== PostgreSQL Weekly News - June 03 2007 ==

From: David Fetter <david(at)fetter(dot)org>
To: PostgreSQL Announce <pgsql-announce(at)postgresql(dot)org>
Subject: == PostgreSQL Weekly News - June 03 2007 ==
Date: 2007-06-04 05:56:39
Message-ID: 20070604055639.GC1867@fetter.org
Views: Raw Message | Whole Thread | Download mbox | Resend email
Thread:
Lists: pgsql-announce

== PostgreSQL Weekly News - June 03 2007 ==

Lively discussions continue on the many new features going into 8.3.

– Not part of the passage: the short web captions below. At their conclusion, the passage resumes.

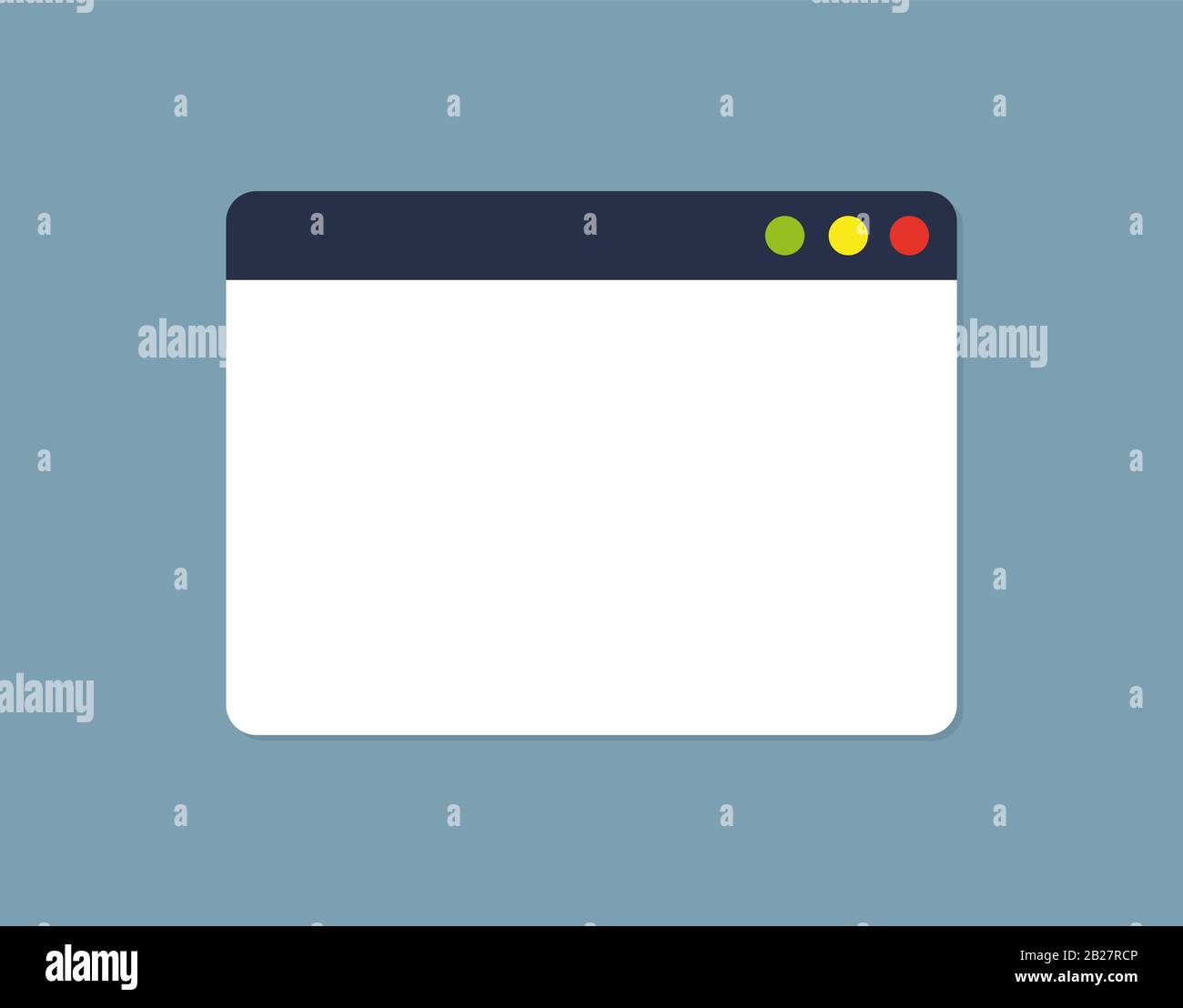 Fenêtre de navigateur simple avec icône de style plat Illustration de Vecteur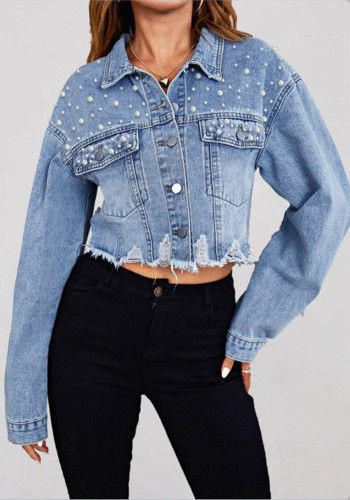 Women's Cropped Long Sleeve Beaded Ripped Denim Jacket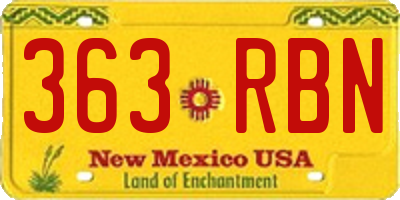 NM license plate 363RBN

== PostgreSQL Product News ==

Continuent uni/cluster for PostgreSQL 2007 will be available June 4
http://www.continuent.com/index.php?option=com_content&task=view&id=212&Itemid=169

GNUmed 0.2.6.1 released.
http://wiki.gnumed.de/bin/view/Gnumed/GnumedTodo#AnchorDone

phpPgAdmin 4.1.2 released. Upgrade ASAP.
http://sourceforge.net/project/showfiles.php?group_id=37132

== PostgreSQL Jobs for June ==

http://archives.postgresql.org/pgsql-jobs/2007-06/threads.php

== PostgreSQL Local ==

Registration for pgday.it in Prato, Tuscany, Italy on July 6 and 7 is
open.

Some Important URLs:

Registration: http://www.pgday.it/en/generale/registrazione
PGDay's web site: http://www.pgday.it/en/
Sponsorship campaign: http://www.pgday.it/en/sponsorizzazioni/come
How to get to Prato: http://www.pgday.it/en/logistica/raggiungere_prato
Accommodations in Prato: http://www.pgday.it/en/logistica/dove_dormire
PostgreSQL official T-shirts http://www.prato.linux.it/node/30
Sign up to tour Tuscany: http://www.pgday.it/it/node/158

Important dates:

May 31: Deadline for the call for papers
June 5: Special accommodation rates expire for Hotel San Marco and Art Hotel Milano

== PostgreSQL in the News ==

Planet PostgreSQL: http://www.planetpostgresql.org/

General Bits, Archives and occasional new articles:
http://www.varlena.com/GeneralBits/

PostgreSQL Weekly News is brought to you this week by David Fetter

To get your submission into the upcoming issue, make sure it arrives
at david(at)fetter(dot)org or in German at pwn(at)pgug(dot)de by Sunday at 3:00pm
Pacific Time.

== Applied Patches ==

Andrew Dunstan committed:

- Improve efficiency of LIKE/ILIKE code, especially for multi-byte
charsets, and most especially for UTF8. Remove unnecessary special
cases for bytea processing and single-byte charset ILIKE. a ILIKE b
is now processed as lower(a) LIKE lower(b) in all cases. The code is
now considerably simpler. All comparisons are now performed
byte-wise, and the text and pattern are also advanced byte-wise
where it is safe to do so - essentially where a wildcard is not
being matched. Andrew Dunstan, from an original patch by ITAGAKI
Takahiro, with ideas from Tom Lane and Mark Mielke.

Teodor Sigaev committed:

- Replace ReadBuffer to ReadBufferWithStrategy in all vacuum-involved
places to implement limited-size "ring" of buffers for VACUUM for
GIN & GIST.

Peter Eisentraut committed:

- Clarify some error messages about duplicate things.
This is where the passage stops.